Leio o discurso de Chico Buarque ao receber o Camões e tenho a impressão de que se trata menos de um discurso e mais de um testemunho sem tempo, ancorado no Brasil, mas não apenas este de agora ou de hoje. Um desabafo sem rebuscamento nem jogos adensados, salpicado de uma galhardia muito ao feitio do compositor e escritor.
É uma fala que costura descendências: “o meu pai era paulista, meu avô pernambucano”, em linha entre passado e futuro. E assim retroagindo ao imenso Portugal, dando-se conta na caravana transatlântica de que os ramos negro e indígena foram se apagando nessa transmissão filial, numa operação deliberada de branqueamento da qual a violenta constituição do país é tributária.
Em terras lusitanas, um Chico meio malandro, meio poeta, pilheriando sobre gravatas e assim deslocando a pauta pela graça da linguagem, refaz os acidentes políticos, as ladeiras e abismos pelos quais a nação rolou abaixo desde 2018.
Entre mesuras, o autor recebe a homenagem em nome dos artistas, humilhados e ofendidos nesses quatro anos, sempre os alvos prioritários de qualquer populista assanhado. De passagem, brinca ao cogitar que o tenham esquecido e a honraria, expirado, perdida para sempre em alguma gaveta da história, extraviada por decisão de uma qualquer autoridade.
Produzir esquecimento, esse foi precisamente o motor do governo de Jair Bolsonaro, que pôs a funcionar a maquiaria de reescrita do passado, numa grafia cuja função não era o registro, mas a rasura e o apagamento físico e simbólico.
Não citado nominalmente, a pretexto de não se sujar (citá-lo seria dar-lhe sobrevida), o ex-mandatário participou da cerimônia como espectro, aludido por Chico naquele seu trato que combina discreta zombaria e elegância, exercício próprio de quem se acha à vontade no território da língua portuguesa.
Um Chico brasileiro, a quem ele por si julga mais cantor popular que escritor, sobretudo em contraste com um Saramago ou um João Cabral, ambos ganhadores da mesma premiação e de cuja obra se pode dizer sem exagero que se fundava unicamente na palavra escrita, sem se derramar para outros suportes, a exemplo da canção.

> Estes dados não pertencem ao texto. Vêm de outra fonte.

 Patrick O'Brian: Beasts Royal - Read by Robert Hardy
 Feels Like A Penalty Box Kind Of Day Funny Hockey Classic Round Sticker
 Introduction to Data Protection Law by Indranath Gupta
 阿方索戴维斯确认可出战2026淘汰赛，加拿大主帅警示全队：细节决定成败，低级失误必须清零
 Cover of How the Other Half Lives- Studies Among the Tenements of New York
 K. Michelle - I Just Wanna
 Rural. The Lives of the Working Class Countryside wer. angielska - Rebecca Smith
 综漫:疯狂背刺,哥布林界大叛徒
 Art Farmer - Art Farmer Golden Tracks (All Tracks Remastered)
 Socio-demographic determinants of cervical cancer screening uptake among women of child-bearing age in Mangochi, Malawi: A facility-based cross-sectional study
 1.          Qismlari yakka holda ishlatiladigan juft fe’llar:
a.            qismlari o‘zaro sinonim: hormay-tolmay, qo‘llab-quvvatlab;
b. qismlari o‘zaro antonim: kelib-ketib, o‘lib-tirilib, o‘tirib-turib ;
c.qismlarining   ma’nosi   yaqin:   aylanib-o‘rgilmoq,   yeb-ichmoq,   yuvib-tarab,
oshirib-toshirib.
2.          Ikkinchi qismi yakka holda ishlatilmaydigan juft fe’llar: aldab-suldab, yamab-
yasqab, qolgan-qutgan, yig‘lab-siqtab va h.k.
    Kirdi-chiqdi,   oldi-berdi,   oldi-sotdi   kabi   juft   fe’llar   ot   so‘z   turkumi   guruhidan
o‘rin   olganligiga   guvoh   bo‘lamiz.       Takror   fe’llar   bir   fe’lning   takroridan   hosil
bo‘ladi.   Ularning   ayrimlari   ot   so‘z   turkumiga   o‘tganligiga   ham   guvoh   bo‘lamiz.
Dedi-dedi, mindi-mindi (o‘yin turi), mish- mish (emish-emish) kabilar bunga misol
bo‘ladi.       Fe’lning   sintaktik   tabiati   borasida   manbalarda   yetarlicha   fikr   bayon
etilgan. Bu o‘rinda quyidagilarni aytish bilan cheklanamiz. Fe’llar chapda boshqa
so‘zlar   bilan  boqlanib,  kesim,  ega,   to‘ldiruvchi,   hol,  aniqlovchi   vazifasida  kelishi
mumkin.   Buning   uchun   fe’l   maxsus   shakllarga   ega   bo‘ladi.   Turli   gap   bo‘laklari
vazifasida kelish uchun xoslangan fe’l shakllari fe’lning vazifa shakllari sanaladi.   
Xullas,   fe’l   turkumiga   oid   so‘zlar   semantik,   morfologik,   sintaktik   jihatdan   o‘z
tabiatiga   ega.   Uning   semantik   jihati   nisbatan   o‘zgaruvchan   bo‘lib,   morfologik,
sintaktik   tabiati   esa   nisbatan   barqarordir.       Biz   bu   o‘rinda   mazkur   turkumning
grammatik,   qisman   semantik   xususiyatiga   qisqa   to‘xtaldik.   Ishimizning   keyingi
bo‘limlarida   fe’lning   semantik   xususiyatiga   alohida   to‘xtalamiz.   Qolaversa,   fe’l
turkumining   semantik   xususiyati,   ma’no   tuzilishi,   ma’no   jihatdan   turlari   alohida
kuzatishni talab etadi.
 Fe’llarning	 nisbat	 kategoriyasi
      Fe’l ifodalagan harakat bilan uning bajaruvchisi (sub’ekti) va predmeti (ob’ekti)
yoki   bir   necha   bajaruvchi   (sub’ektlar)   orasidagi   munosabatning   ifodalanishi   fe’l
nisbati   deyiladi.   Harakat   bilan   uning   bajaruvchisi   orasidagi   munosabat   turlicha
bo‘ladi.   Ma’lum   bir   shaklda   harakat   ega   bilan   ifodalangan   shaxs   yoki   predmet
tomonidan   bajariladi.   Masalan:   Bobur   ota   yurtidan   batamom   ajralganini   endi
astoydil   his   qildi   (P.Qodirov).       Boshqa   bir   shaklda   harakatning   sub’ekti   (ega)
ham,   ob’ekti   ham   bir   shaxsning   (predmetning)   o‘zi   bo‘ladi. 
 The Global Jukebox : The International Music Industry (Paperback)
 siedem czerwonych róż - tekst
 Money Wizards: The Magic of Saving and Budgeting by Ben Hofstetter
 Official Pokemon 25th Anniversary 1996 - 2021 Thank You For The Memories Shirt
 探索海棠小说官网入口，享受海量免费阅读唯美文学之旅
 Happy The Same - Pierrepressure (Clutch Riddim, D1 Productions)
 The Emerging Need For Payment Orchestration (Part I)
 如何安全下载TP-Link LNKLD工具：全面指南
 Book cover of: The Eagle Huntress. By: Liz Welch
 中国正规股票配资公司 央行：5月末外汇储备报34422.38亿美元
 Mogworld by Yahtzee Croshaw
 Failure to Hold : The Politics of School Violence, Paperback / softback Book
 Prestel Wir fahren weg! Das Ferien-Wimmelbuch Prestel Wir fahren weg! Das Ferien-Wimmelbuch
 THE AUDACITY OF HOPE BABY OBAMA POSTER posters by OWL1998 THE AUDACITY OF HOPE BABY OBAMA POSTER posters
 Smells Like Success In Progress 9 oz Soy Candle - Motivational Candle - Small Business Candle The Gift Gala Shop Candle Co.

Já perto do fim, numa intertextualidade jocosa, o “gajo” se refere à “rara fineza do ex-presidente” por ter se desincumbido de lhe outorgar o Camões, livrando-o de portar, no diploma, a sua assinatura, que estaria agora inscrita enquanto durasse o papel, a marca para sempre carregada como gesto.
E, para deixar à mostra o alívio e a graça de não vê-lo materializado em algo que lhe dissesse respeito, o artista/autor recorre à própria obra poética em procura de tradução: “Você que inventou a tristeza/ ora, tenha a fineza/ de desinventar”.
Por um segundo, naquele palco além-mar, é como se Chico desinventasse o Brasil que pretendeu golpear as instituições – e de fato golpeou, no marco vergonhoso de 8 de janeiro, episódio para o qual convergiu a operação de captura da história – essa mesma história na qual, em livros e poemas-canções, Chico expõe nossas feridas.